(Data extract Opens)

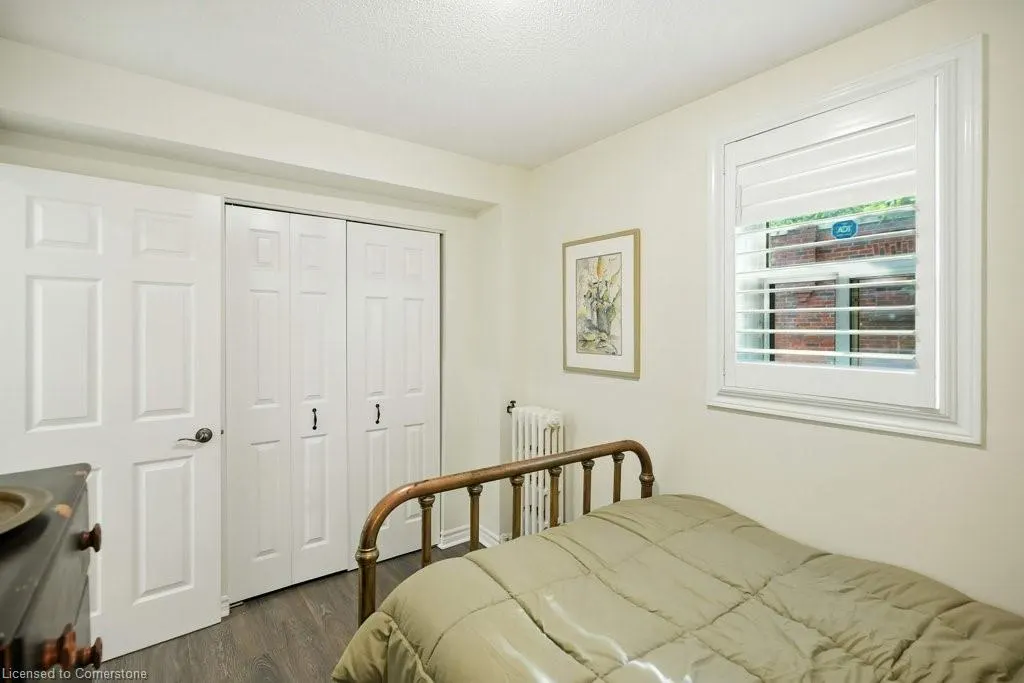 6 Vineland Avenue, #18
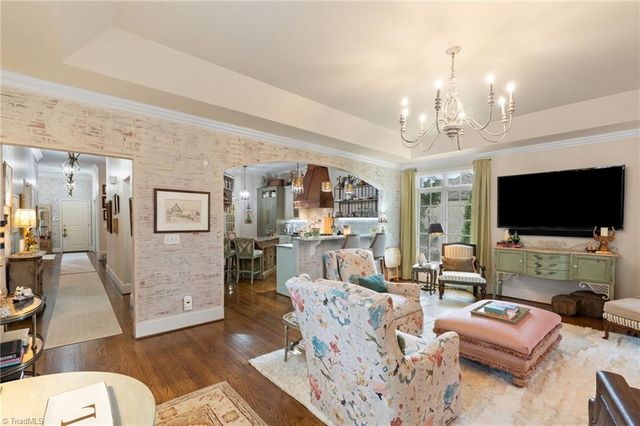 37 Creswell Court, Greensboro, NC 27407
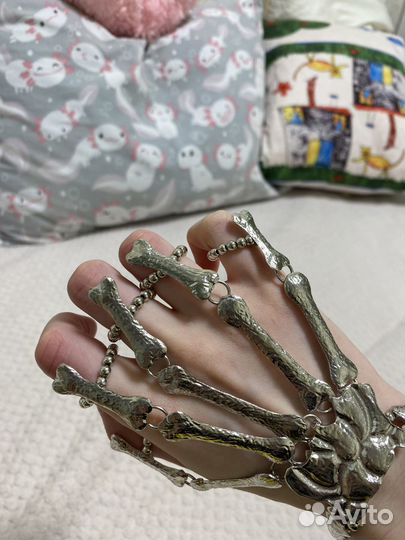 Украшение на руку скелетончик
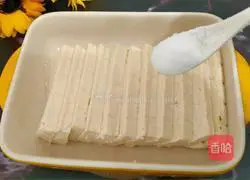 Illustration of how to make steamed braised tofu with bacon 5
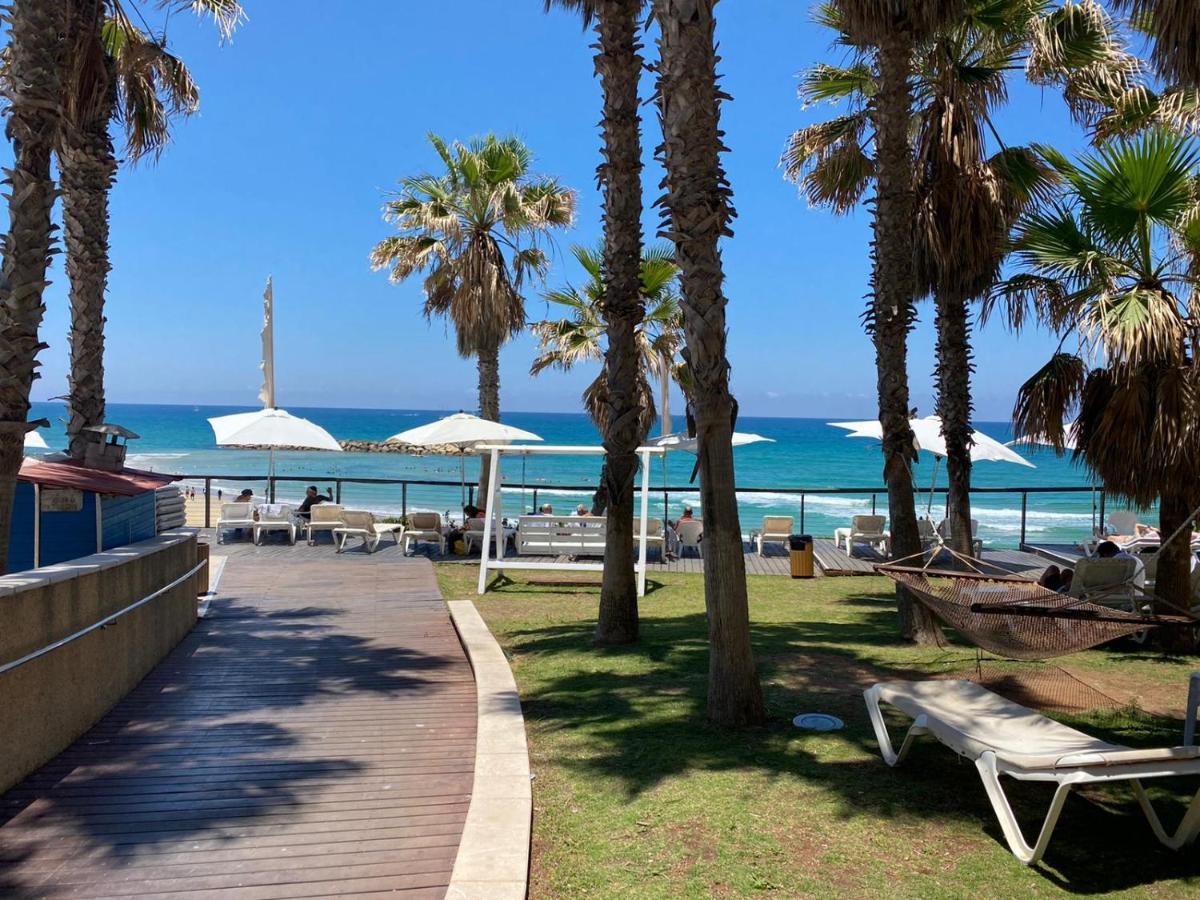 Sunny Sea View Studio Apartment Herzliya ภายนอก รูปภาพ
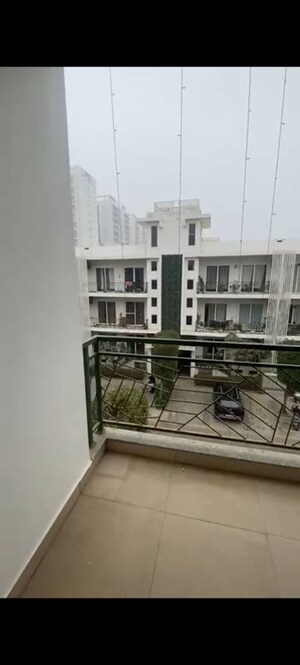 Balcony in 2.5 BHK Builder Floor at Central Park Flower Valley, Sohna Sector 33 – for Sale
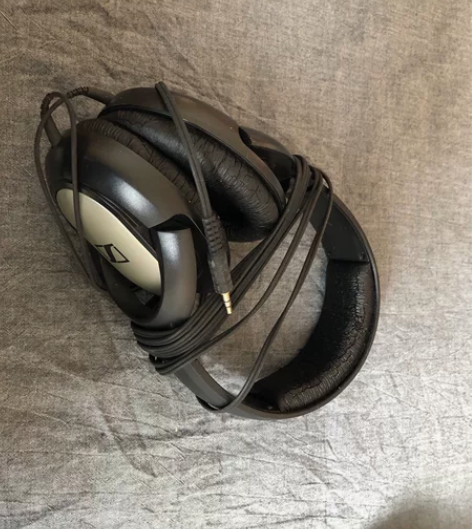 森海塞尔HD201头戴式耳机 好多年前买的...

(Data extract Closes)

--- Work to complete ---
Using the material above, return every line exactly as it appears, minus the pictures.

--- Written solution ---
 6 Vineland Avenue, #18
 37 Creswell Court, Greensboro, NC 27407
 Украшение на руку скелетончик
 Illustration of how to make steamed braised tofu with bacon 5
 Sunny Sea View Studio Apartment Herzliya ภายนอก รูปภาพ
 Balcony in 2.5 BHK Builder Floor at Central Park Flower Valley, Sohna Sector 33 – for Sale
 森海塞尔HD201头戴式耳机 好多年前买的...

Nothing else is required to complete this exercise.